Let $\mathscr S$ be a subspace of $\mathbb R^p$, and let G be positive semidefinite such that $\operatorname{span}(G) \subset \mathscr S$. The following statements are equivalent:
there is a basis $v_1,...,v_d$ of $\mathscr S$ such that $V^T GV>0$, where V is the $p\times d$ matrix ($v_1,...,v_d$);
for all $\nu \in \mathscr S, \nu \neq 0,$ we have $\nu^T G \nu >0$;
$\operatorname{span}(G) = \mathscr S$.
Proof. $2 \Rightarrow 1$. If statement 1 is not true, then there is a $w \in \mathbb R^d, w \neq 0$, such that $w^T V^T GVw=0$. So $\nu^T G \nu=0$ for $\nu=Vw$. Because V is a basis matrix of $\mathscr S$, $\nu \in \mathscr S$, and $w \neq 0$, we have $Vw = \nu \neq 0$. Hence statement 2 is not true.

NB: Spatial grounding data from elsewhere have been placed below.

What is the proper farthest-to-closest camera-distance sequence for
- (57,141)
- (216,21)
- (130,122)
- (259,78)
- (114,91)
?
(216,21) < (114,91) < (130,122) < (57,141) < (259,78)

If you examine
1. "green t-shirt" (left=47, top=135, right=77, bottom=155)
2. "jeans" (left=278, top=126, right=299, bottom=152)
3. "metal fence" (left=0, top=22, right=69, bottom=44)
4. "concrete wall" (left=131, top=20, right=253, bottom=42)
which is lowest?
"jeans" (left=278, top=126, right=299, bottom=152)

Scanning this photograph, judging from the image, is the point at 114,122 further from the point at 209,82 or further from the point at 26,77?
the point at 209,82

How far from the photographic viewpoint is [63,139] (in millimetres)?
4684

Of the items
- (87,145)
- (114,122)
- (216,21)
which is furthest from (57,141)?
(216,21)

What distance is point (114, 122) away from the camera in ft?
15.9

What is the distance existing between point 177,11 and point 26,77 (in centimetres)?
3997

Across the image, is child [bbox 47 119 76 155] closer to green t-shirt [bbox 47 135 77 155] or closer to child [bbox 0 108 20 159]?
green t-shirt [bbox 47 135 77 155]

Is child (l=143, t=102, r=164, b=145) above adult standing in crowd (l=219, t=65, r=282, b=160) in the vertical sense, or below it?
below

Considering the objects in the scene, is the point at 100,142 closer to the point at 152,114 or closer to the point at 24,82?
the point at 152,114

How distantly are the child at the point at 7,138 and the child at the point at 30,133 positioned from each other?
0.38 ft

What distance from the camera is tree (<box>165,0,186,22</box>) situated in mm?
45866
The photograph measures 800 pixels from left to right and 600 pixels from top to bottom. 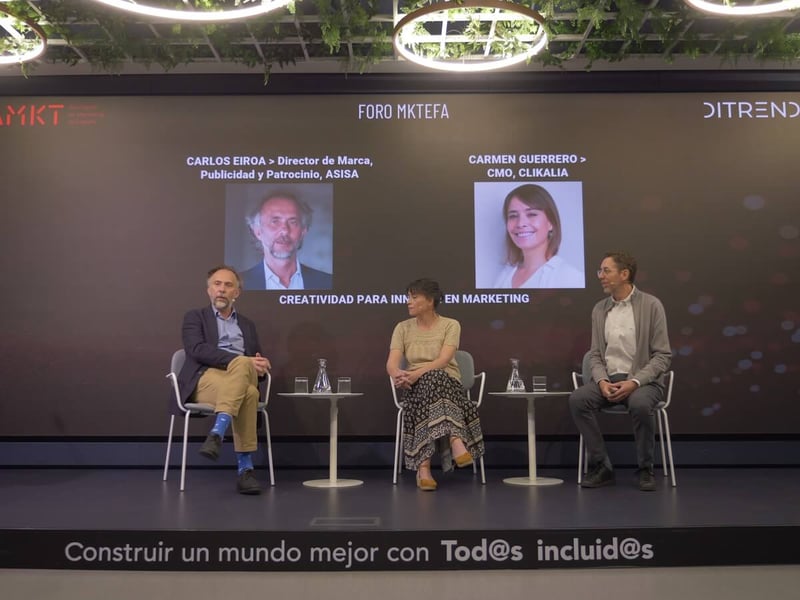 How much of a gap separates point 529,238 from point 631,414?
5.26 feet

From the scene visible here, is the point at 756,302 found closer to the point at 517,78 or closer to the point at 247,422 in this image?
the point at 517,78

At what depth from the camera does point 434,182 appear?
5383 mm

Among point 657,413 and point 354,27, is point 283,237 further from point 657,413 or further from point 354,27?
point 657,413

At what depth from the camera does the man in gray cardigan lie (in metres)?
4.12

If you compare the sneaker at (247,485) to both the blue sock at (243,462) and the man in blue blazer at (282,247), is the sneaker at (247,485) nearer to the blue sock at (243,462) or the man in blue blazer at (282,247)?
the blue sock at (243,462)

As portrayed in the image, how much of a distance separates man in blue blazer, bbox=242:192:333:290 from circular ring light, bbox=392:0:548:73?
53.5 inches

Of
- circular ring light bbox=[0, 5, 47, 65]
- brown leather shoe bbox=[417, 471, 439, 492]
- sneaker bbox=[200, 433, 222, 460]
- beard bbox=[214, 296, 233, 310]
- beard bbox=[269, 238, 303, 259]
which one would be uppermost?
circular ring light bbox=[0, 5, 47, 65]

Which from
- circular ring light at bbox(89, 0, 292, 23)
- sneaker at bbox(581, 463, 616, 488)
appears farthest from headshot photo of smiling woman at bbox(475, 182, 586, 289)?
circular ring light at bbox(89, 0, 292, 23)

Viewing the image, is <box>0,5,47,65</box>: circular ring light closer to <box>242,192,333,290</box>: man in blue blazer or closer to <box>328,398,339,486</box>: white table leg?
<box>242,192,333,290</box>: man in blue blazer

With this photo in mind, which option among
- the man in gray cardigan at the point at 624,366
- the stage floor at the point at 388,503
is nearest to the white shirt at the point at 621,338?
the man in gray cardigan at the point at 624,366

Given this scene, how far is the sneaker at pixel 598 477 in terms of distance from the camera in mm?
4168

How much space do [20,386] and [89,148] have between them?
1752mm

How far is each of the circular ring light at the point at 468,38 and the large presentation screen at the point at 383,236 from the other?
384 millimetres

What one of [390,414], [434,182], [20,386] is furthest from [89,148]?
[390,414] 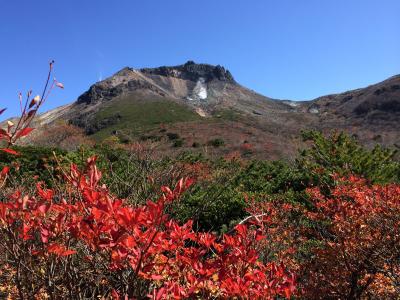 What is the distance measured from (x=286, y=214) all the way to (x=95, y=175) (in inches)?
261

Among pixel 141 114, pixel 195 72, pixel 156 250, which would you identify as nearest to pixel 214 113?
pixel 141 114

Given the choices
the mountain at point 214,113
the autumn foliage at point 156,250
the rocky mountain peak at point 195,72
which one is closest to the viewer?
the autumn foliage at point 156,250

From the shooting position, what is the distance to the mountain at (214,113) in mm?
38844

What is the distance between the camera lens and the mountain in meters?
38.8

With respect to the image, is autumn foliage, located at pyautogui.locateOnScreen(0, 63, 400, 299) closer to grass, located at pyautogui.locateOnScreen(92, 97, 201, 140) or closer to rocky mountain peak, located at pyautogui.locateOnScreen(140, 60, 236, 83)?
grass, located at pyautogui.locateOnScreen(92, 97, 201, 140)

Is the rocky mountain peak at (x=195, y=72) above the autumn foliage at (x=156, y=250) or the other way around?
above

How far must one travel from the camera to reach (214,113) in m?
81.2

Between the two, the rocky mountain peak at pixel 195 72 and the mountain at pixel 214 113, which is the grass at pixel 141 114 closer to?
the mountain at pixel 214 113

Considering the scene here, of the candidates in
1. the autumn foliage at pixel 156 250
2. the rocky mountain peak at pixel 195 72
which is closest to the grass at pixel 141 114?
the rocky mountain peak at pixel 195 72

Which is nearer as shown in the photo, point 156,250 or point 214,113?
point 156,250

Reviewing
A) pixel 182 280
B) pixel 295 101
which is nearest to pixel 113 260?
pixel 182 280

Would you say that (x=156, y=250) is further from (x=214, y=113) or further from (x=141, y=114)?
(x=214, y=113)

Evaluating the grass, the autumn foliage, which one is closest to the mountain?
the grass

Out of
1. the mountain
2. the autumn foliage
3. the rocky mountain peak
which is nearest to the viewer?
the autumn foliage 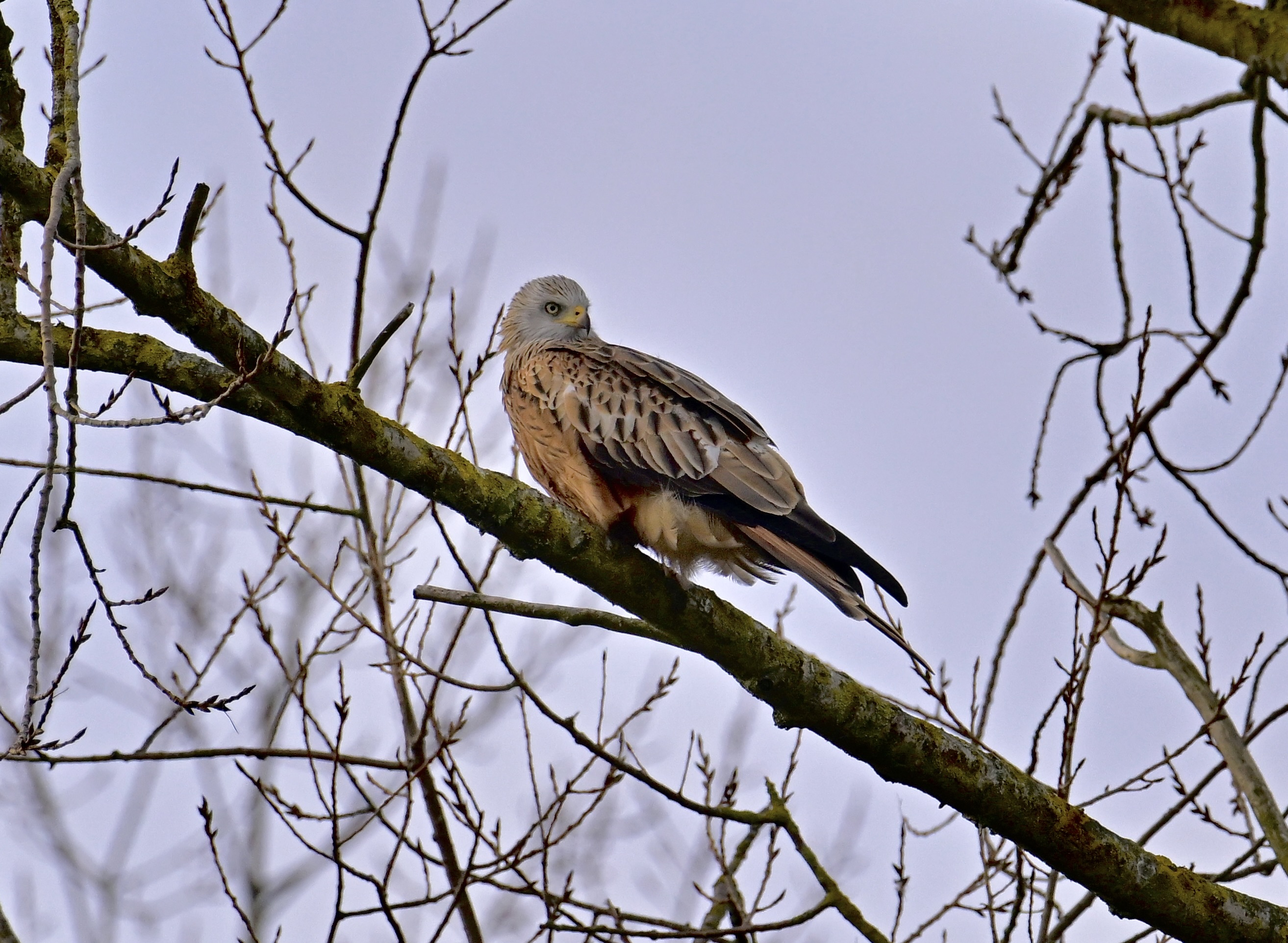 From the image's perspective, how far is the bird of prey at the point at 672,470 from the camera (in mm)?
4301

$1 \Rightarrow 2$. Let $\nu \in \mathscr S, \nu \neq 0$. Then $\nu = \sum\limits_{i=1}^d \alpha_i \nu_i$, where $||\alpha|| \neq 0, \alpha$ being the vector $(\alpha_1,...,\alpha_d)^T$. Hence
$$\nu^T G \nu=\alpha^T (V^T GV) \alpha>0.$$
Thus statement 2 holds.
$3 \Rightarrow 2$. If statement 2 is not true then there exists $\nu \in \mathscr S, \nu \neq 0$, such that $\nu^T G \nu=0$. Then $\nu \perp \operatorname{span}(G)$ and statement 3 is not true.
Question: I still lack a proof of either $2 \Rightarrow 3$ or $1 \Rightarrow 3$.
My attempt:
Since $\operatorname{span}(G) \subset \mathscr S$, I only need to prove $ \mathscr S \subset \operatorname{span}(G)$.

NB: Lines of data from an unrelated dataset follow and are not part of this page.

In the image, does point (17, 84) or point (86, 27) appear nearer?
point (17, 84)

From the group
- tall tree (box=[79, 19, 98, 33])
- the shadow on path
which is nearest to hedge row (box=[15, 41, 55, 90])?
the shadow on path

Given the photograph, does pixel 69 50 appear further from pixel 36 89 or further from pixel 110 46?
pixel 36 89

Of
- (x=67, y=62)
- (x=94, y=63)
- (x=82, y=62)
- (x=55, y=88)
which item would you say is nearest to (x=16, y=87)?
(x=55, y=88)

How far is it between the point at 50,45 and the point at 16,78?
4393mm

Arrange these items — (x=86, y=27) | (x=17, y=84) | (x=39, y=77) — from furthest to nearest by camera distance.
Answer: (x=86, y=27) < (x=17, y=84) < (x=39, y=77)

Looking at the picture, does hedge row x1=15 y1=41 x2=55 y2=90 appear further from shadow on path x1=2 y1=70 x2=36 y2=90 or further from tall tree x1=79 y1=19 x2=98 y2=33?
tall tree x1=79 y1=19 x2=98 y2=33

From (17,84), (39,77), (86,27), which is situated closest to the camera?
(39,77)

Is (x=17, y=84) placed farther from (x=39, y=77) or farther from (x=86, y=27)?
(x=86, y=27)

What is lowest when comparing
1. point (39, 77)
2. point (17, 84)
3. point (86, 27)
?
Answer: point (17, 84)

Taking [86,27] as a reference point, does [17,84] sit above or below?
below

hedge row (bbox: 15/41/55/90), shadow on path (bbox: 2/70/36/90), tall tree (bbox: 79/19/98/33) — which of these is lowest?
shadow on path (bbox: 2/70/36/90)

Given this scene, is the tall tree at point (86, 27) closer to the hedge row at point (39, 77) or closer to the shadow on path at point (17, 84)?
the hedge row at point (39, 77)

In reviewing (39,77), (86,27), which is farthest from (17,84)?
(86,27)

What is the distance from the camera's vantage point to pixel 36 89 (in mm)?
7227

Suppose an arbitrary vector $\nu \in \mathscr S$. By statement 2, if $\nu \neq 0$, then we have $\nu^T G \nu >0$. Hence, G is not only positive semidefinite, but G is also positive definite.
I don't know how to prove. Any proof of either $2 \Rightarrow 3$ or $1 \Rightarrow 3$ is helpful.